While stopping the plague of extremism requires governmental intervention, and law enforcement solutions, intolerance also needs to be addressed right at the roots through preventive solutions. Preventive solutions include reminding people of the core values of democracy, tolerance, inclusivity, and decorous discussions as well as celebrating these virtues of successful societies.
Therefore, as important as it is to be informed and aware, it is also important to be conscious of the differing opinions and not to be afraid of contradictions but to understand them as opportunities to reach the truth. This is where Hegel’s dialectical idealism helps us to engage with our intellectual enemies rather than resort to harmful methods of exclusion or coercion.
Hegel’s dialectical idealism is a progressive understanding of ideas that can help in curbing the rise of intolerance in our societies by challenging the shrinking space of opposition and conflicting ideas.
What is dialectical idealism?
Dialectic simply refers to the logical discussion of ideas and opinions. It can be said that every one of us engages in dialectical pursuits every day. However, dialectical idealism together is getting a little difficult to practice these days.
Hegel’s dialectical idealism means that every idea (thesis) gives rise to a counter idea (antithesis) and the original idea and counter idea merge to give rise to a new idea (synthesis). It is a continuous cycle in which then, the synthesis itself acquires the status of a thesis and gives rise to its own antithesis. This process goes on. Synthesis is not the final word. This movement of thought absorbs both the initial idea, and its counter idea which is assimilated within the larger reality.
To simplify it for the sake of understanding, it means that every idea, opinion, or viewpoint even exaggerated or polarizing contains within itself some kernel of truth that drives us closer to the truth. In this sense, Hegel’s theory of dialects is rooted in contradiction or negation. Hegel considered contradictions as the driving force of the whole process of evolution. He believed that the true nature of a thing can be known only if its contradictions are also known.
The theory submits that the most extreme viewpoints contain contradictions that ultimately propel the circulation of discourses. And what Hegel suggests is to recognize that the two conflicting extremes are simultaneously valid even when we don’t agree or believe them. At the same time it is valid and even necessary to challenge ideas as this conflict of opposites itself creates movement, progress, and ultimately a tolerant culture that encourages inclusive dialogue.
Dialectical idealism is an enlightening theory that not only helps us understand the interactions taking place in our society but also teaches us something. It teaches one to acknowledge unfamiliar ideas and conflicting opinions.
Teaching this theory of dialectical idealism to young members of society and spreading even its simplified understanding as adults, students, friends, family members, and concerned citizens can act as a preventive solution to the rising problem of intolerance.

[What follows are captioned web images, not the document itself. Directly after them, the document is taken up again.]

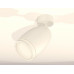 Дополнительное фото Светильник спот Ambrella Light Techno Spot XM1122004 (A2202, C1122, N7120): Купить в Интернет магазин освещения GCSVET.RU
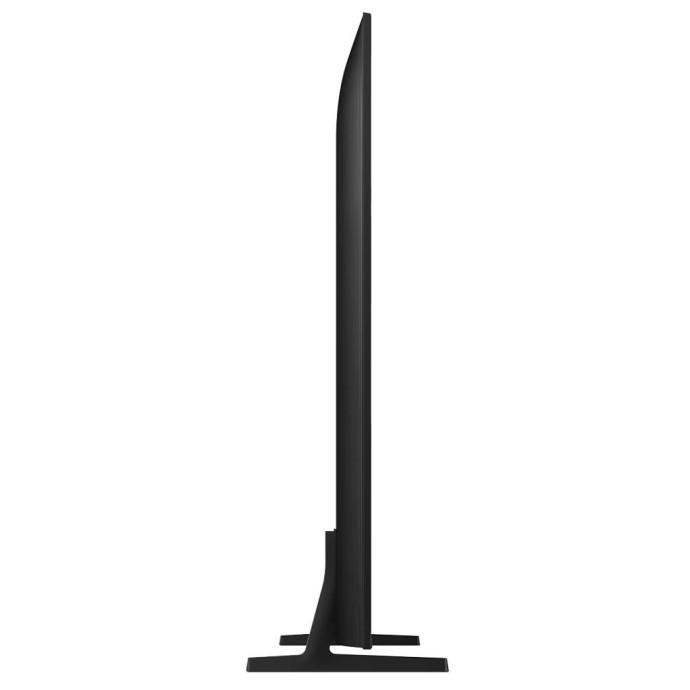 Телевизор Samsung QE85Q7FAAUXUA (UA)  Фото №1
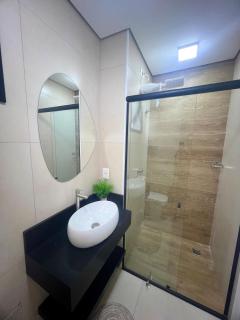 Luxury apartment, new, great location - 2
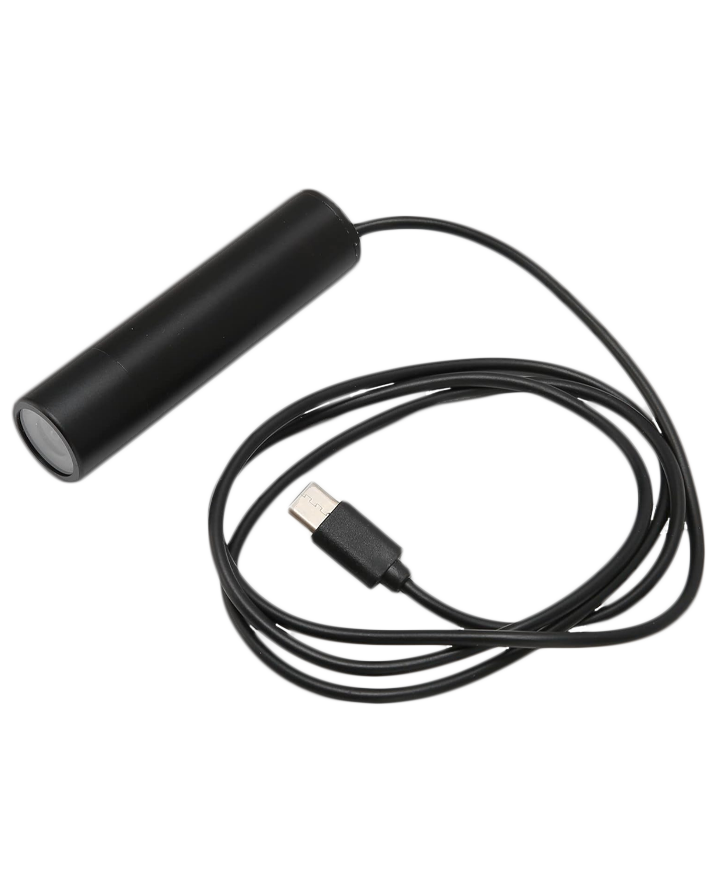 USB-C Lipstick Camera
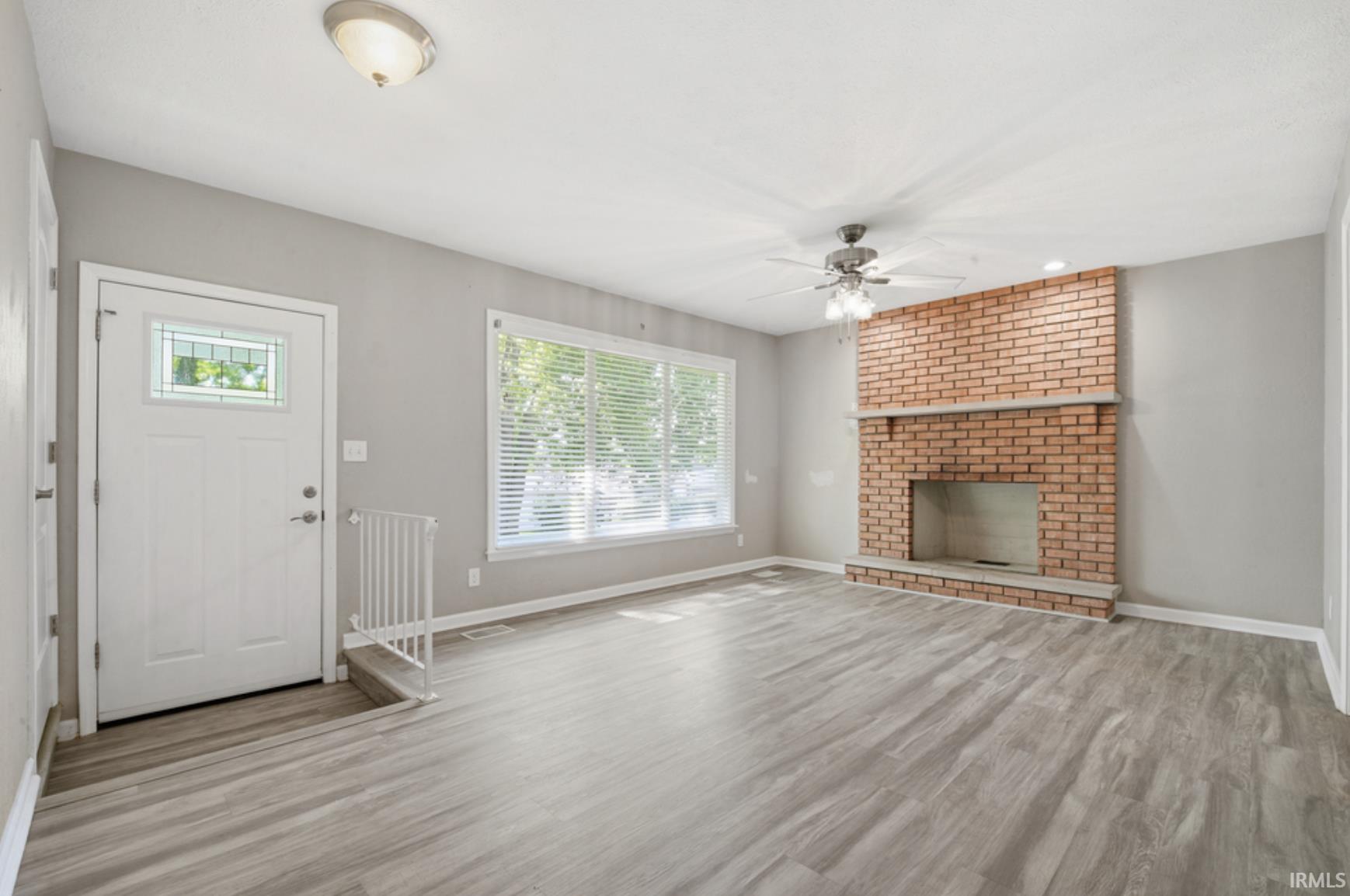 3300 Maple Lane Newburgh, IN 47630 - Photo 8 of 26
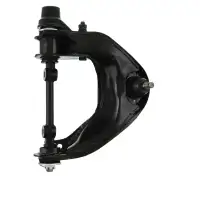 febi Querlenker Lenker f&uuml;r KIA K2500 Bj. 07.04 K2900 Vorderachse oben rechts 54420-4E200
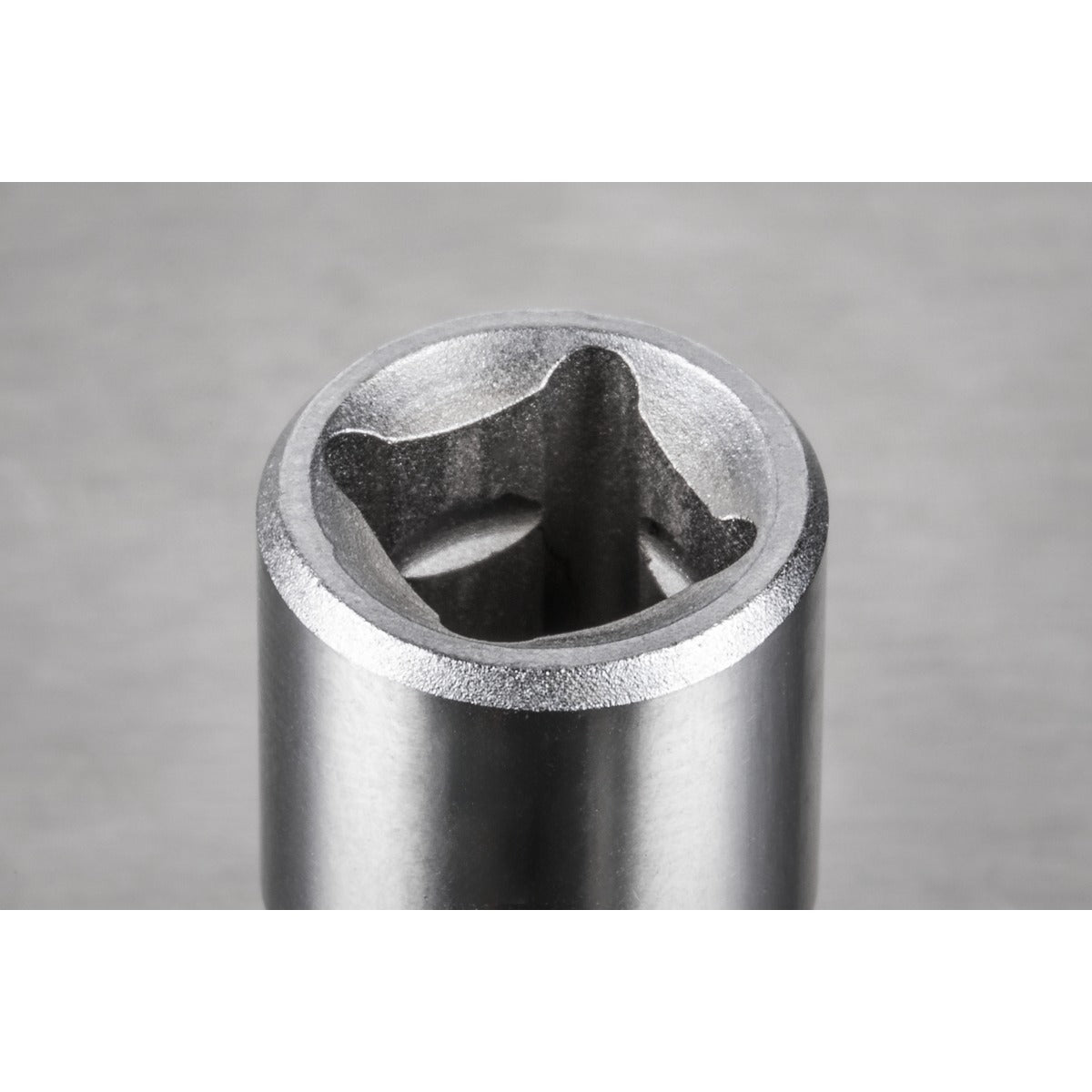 Premier Socket 1/4"Sq Drive 6mm S1406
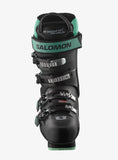 Salomon Select HV 80 GW WM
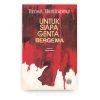 Untuk Siapa Genta Bergema Untuk Siapa Genta Bergema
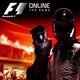 f1 online the game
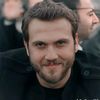 idrisdz217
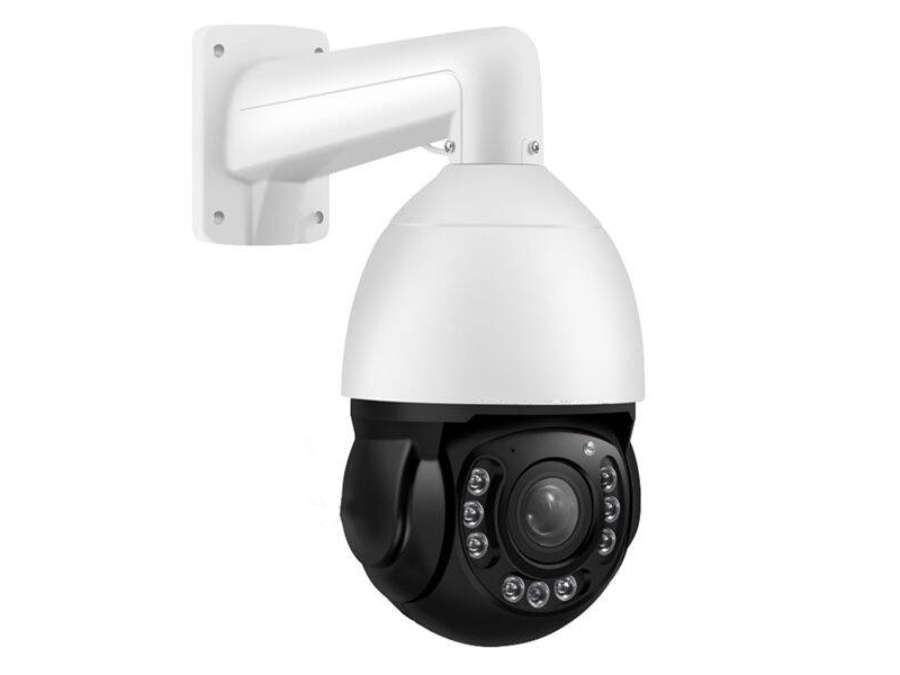 Top 7 PTZ Camera Manufacturers 6 Top 7 PTZ Camera Manufacturers 6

We are becoming lousy thinkers in this information-overloaded age, where we only pay attention to something when it confirms what we already believe. We choose to feed our bias and narrow perspectives instead of positively engaging with all kinds of ideas.
Instead of becoming passive recipients, this theory helps us to develop active and critical thinking. Hegel helps us understand that some truth exists at both extremes and the progressive way forward is to integrate both of the opposites within itself.
It is not enough to only understand something or passionately support an idea or further an ideology. Intolerance will only wither away if we encourage respectful dialogues between conflicting thoughts and constantly urge ourselves and those around us to remain open to all thoughts and views, especially those that are incompatible with our own.
Hegelian dialectic idealism demystifies the cause behind all progress. It is to know that every idea is worth engaging with despite many contradictions, conflicting opinions, or disagreements that we may have.